The CEU Center for Religious Studies
&
The Department for the Study of Religion, Szeged University
cordially invites you to their co-organized 
Doctoral Conference 2019

Sacred Locations
Spaces and Bodies in Religion
_____
with Opening Keynote Lecture by

Carsten Wilke 
(CEU)

Social Spaces and the Topography of the Divine:
Reading Landscape in the Song of Songs Thursday, June 13, 2019
17:30 PM

University of Szeged
Faculty of Humanities and Social Sciences
6722 Szeged, Egyetem utca 2  
Kristó Gyula Room
_____

Abstract: The “spatial turn” has increasingly interrogated the symbolism of landscape as an intersection of socio-economic, ecological, aesthetic, and mythic concerns. Exploring the presence of physical and metaphoric landscapes in religious imagination, this lecture claims that not only exclusive and hierarchic topographies appear as markers of the sacred, but also the boundary-crossing between polarized environments. The evolution of Judeo-Christian constructions of landscape shall be followed with a focus on its favorite scriptural reference: the Song of Songs, a fuzzy succession of erotic conversations within a changing frame of palaces, gardens, cityscapes, vineyards, fields, forests, and deserts. This poem has intrigued medieval mystics, romantic storytellers, and contemporary ecologists.
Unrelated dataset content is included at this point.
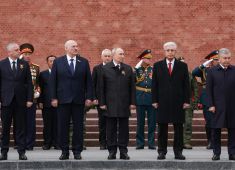 Возложение цветов к Могиле Неизвестного Солдата 9 мая 2026 года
It is important to consider its Hellenistic origins, its frieze of four social milieus, in order to understand the ever-renewed efforts to inscribe religious experience into categories of gender and space.
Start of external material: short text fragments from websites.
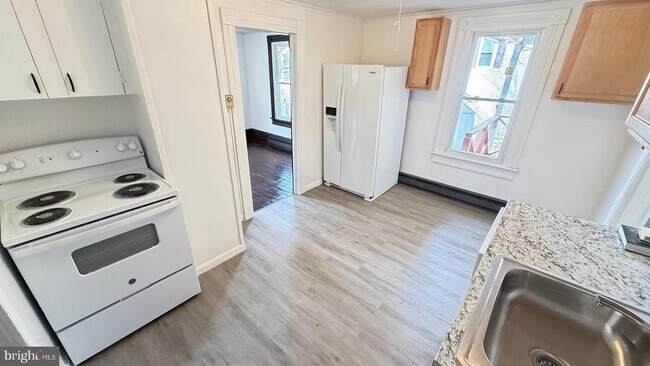 Building Photo - 6 Fern Ave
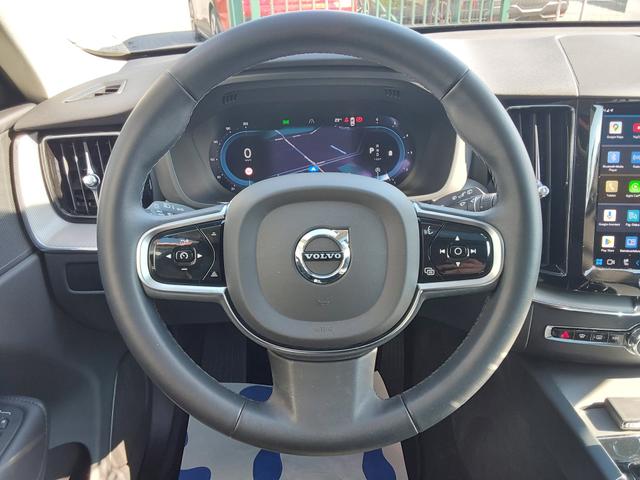 Volvo XC60 B4 D 2WD Plus Dark ACC/LED/SHZ/PDC/PANO/KAM 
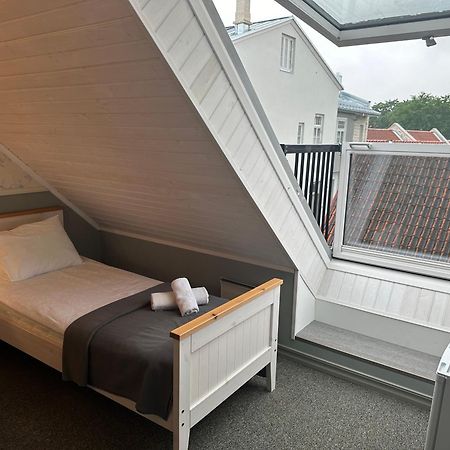 Vanalinna Boutique Hotel Kuressaare Exterior photo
Dr. Carsten Wilke is Professor at Central European University and Director of the CEU Center for Religious Studies. Among his book publications on Jewish and comparative religion are The Marrakesh Dialogues: A Gospel Critique and Jewish Apology from the Spanish Renaissance (Brill, 2014), Farewell to Shulamit: Spatial and Social Diversity in the Song of Songs (De Gruyter, 2017), and the collective volumes Modern Jewish Scholarship in Hungary (with Tamás Turán, De Gruyter, 2016).